Lawouze Info

IMG-20250505-WA04221.jpg

Par Jean Wesley Pierre

Dans la nuit du 2 au 3 mai, à “Nan Zombie”, quartier du Cap-Haïtien, cinq présumés membres d’un gang dirigé par un certain « Koulou » ont été abattus lors d’une opération conjointe des unités spécialisées de la Police Nationale d’Haïti (PNH). Deux armes ont été saisies, un individu arrêté. Une intervention qui, si elle salue un effort de riposte, ne parvient pas à masquer le gouffre sécuritaire abyssal dans lequel la nation s’enfonce. Car pendant ce temps, à Cité Soleil, une fillette de six ans rendait son dernier souffle dans un hôpital, victime d’un viol atroce dans un camp de déplacés. Deux faits parmi tant d’autres, qui dressent le portrait d’un pays où la barbarie s’est substituée au droit, et où la mort rôde avec une banalité terrifiante.

Les exactions du gang de « Koulou » — meurtres, viols, expulsions, accaparement de terres — témoignent d’une criminalité qui dépasse la simple délinquance : elle constitue un système de contrôle social, économique et territorial. Dans ce contexte, l’État haïtien, rongé par l’impunité et la corruption, se montre incapable d’assurer sa mission régalienne de protection des citoyens. Les chiffres sont implacables : 33 infrastructures policières détruites ou abandonnées ces dernières années, sous trois directions successives à la tête de la PNH. Une institution à genoux, laissée seule face à des groupes mieux équipés, mieux organisés, et parfois infiltrés jusqu’au sommet.

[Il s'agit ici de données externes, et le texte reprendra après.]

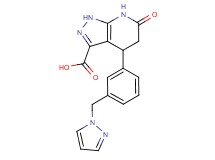6-oxo-4-[3-(1H-pyrazol-1-ylmethyl)phenyl]-4,5,6,7-tetrahydro-1H-pyrazolo[3,4-b]pyridine-3-carboxylic acid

Vendredi dernier, les États-Unis ont enfin reconnu les groupes armés haïtiens comme des organisations terroristes. Une avancée géopolitique majeure, saluée timidement par le conseiller présidentiel Emmanuel Vertilaire. Mais le silence assourdissant du président du Conseil Présidentiel de Transition, Fritz Alphonse Jean, et du Premier ministre Alix Didier Fils Aimé interroge. Face à une telle déclaration, comment expliquer leur mutisme ? Est-ce de la peur, du calcul ou de l’indifférence ? Leur inertie, dans un moment aussi critique, ne fait qu’alimenter le sentiment d’abandon général et sape les rares efforts de mobilisation internationale.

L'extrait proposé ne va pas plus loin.